■ Extracted material:
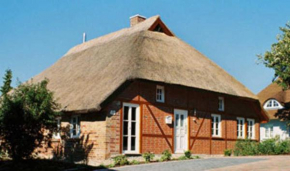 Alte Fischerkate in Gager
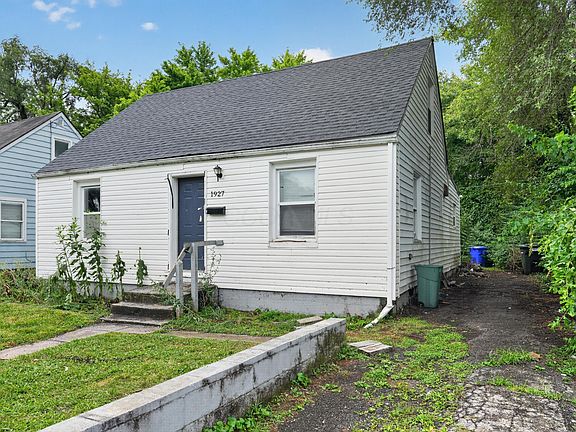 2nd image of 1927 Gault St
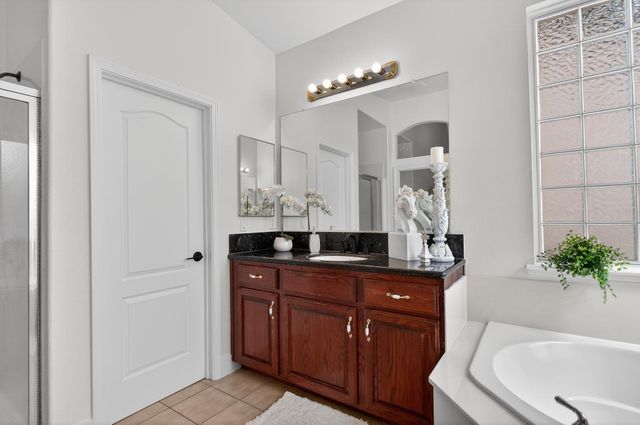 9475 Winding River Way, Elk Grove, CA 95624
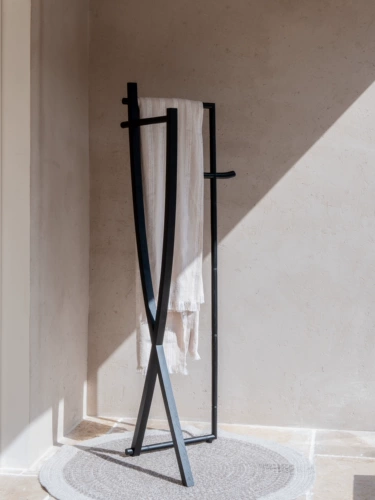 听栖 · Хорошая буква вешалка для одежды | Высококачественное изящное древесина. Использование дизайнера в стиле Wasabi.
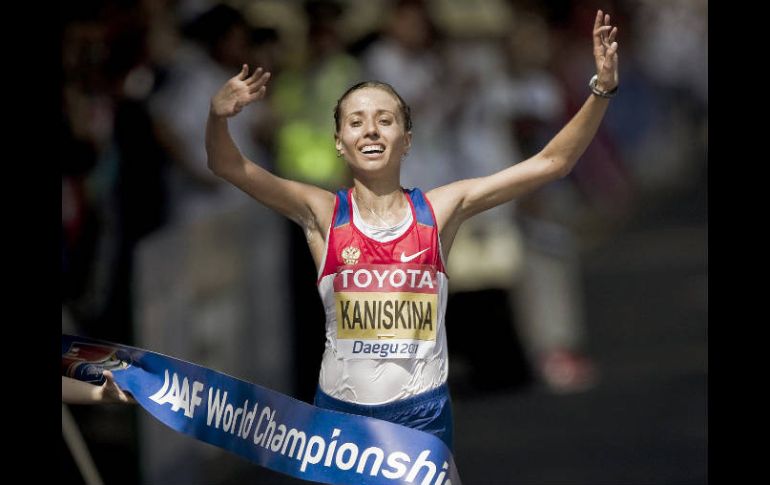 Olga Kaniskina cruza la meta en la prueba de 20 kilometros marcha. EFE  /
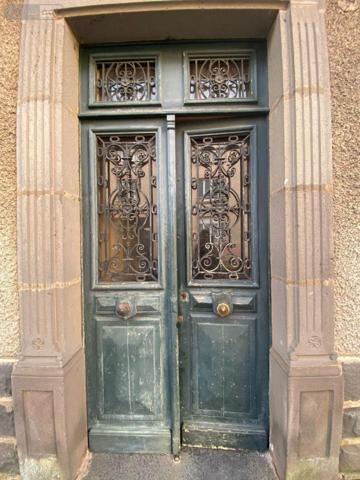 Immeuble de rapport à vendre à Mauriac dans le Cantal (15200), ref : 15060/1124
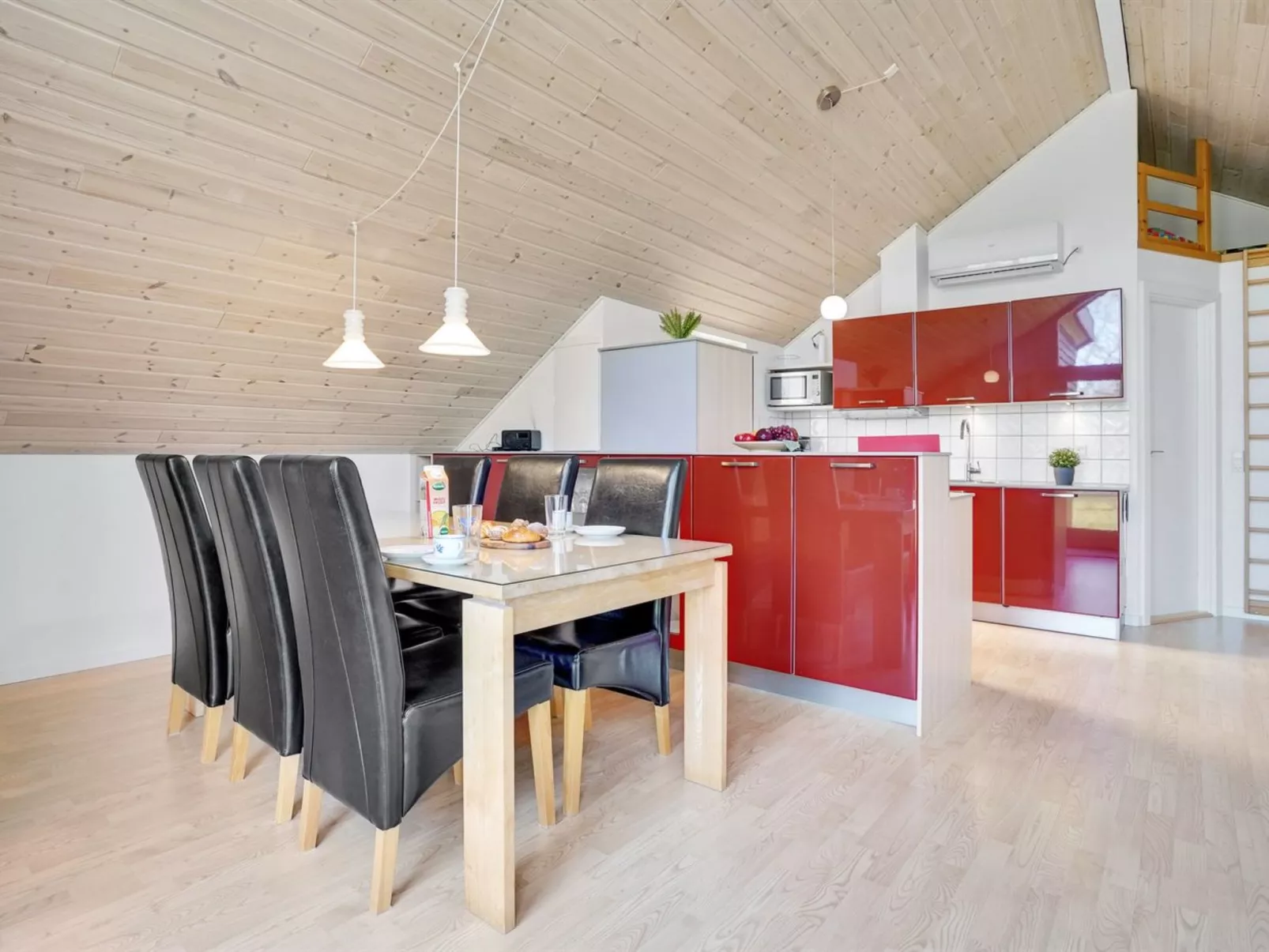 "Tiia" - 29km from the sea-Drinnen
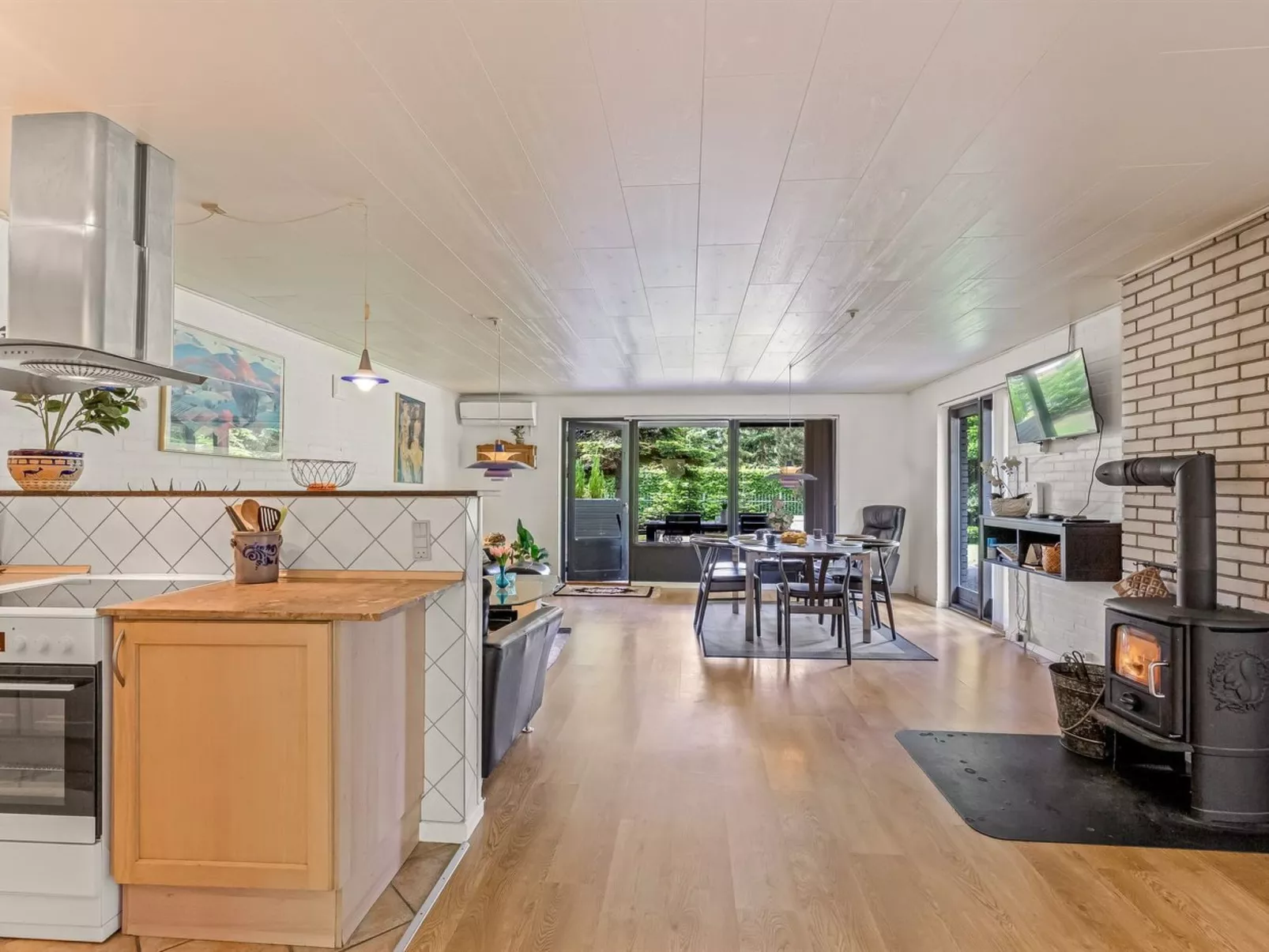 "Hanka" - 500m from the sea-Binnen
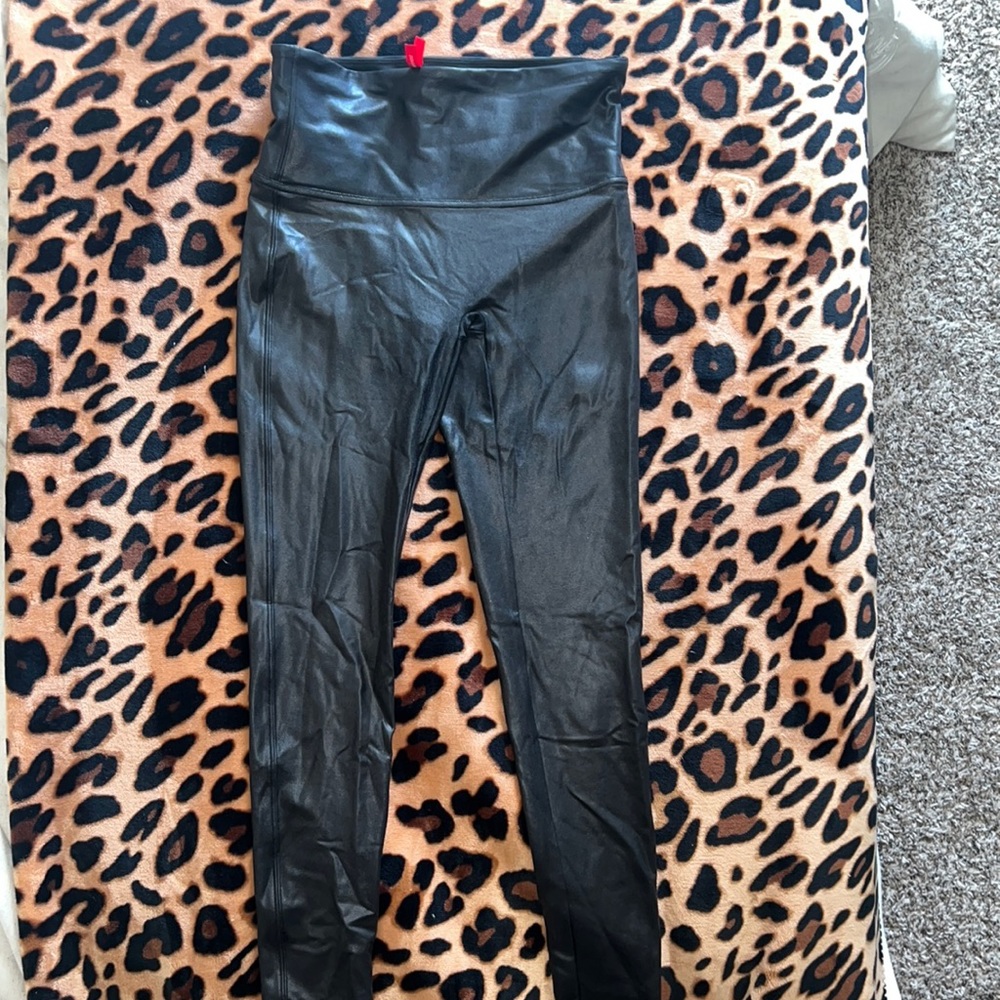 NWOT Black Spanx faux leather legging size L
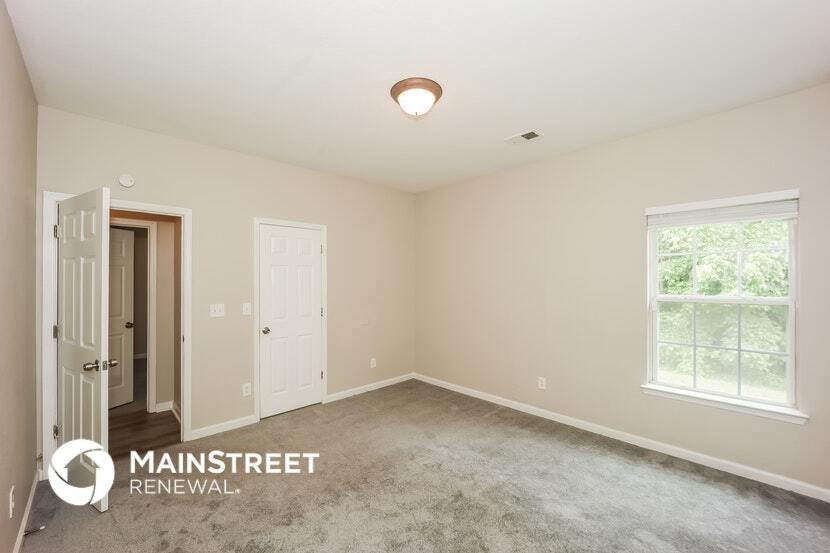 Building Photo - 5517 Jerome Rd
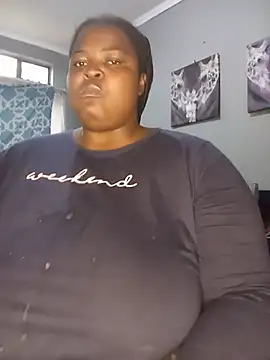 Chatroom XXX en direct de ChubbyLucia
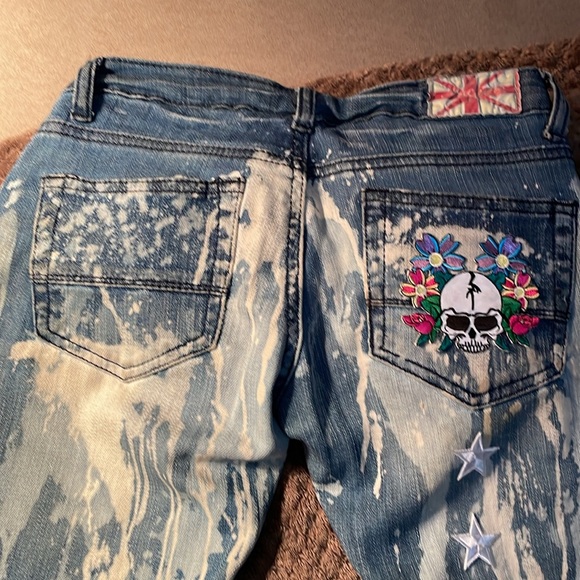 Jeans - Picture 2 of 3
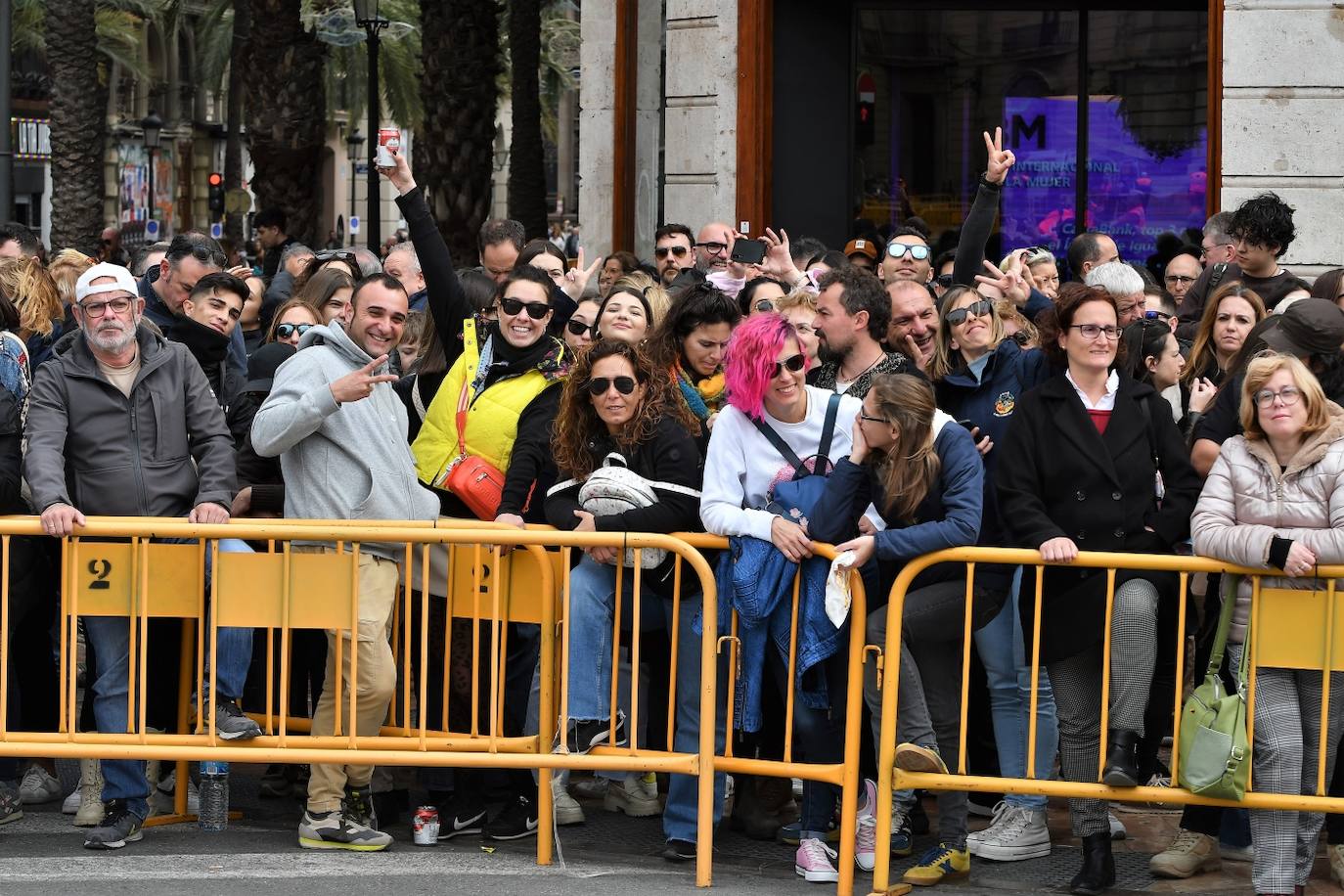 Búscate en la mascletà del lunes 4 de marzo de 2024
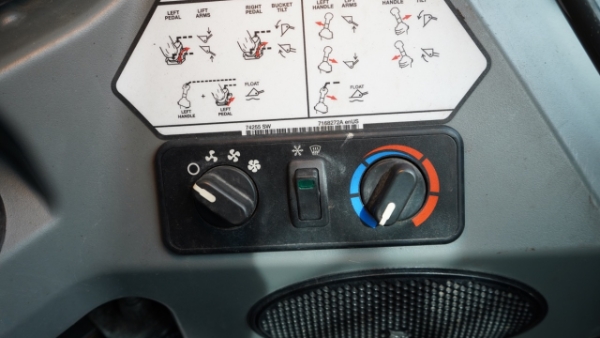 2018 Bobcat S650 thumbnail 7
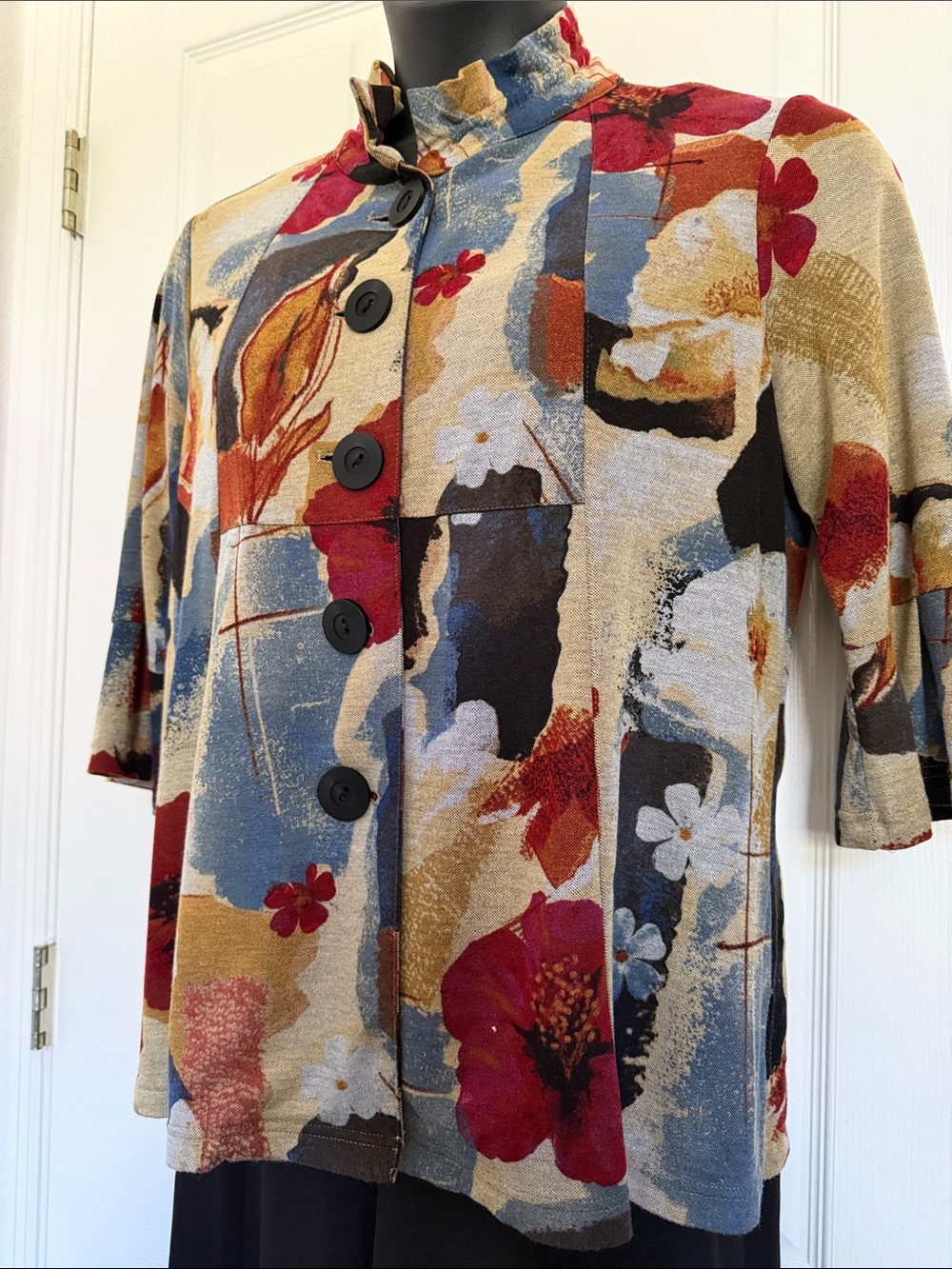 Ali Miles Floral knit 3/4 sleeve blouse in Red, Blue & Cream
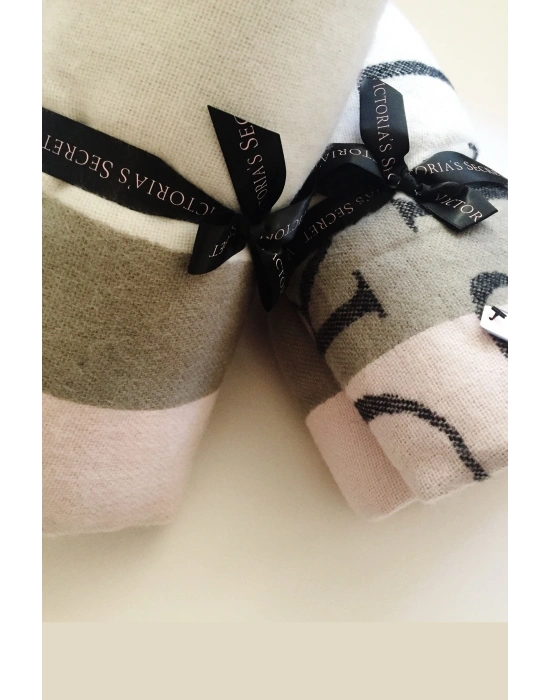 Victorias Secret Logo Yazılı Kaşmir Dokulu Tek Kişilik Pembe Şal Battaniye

■ Exercise:
Exactly the lines from the one with "Jeans - Picture 2 of 3" through the end of the records are to be repeated, both ends included, and pictures are to be omitted.

■ Solved problem:
 Jeans - Picture 2 of 3
 Búscate en la mascletà del lunes 4 de marzo de 2024
 2018 Bobcat S650 thumbnail 7
 Ali Miles Floral knit 3/4 sleeve blouse in Red, Blue & Cream
 Victorias Secret Logo Yazılı Kaşmir Dokulu Tek Kişilik Pembe Şal Battaniye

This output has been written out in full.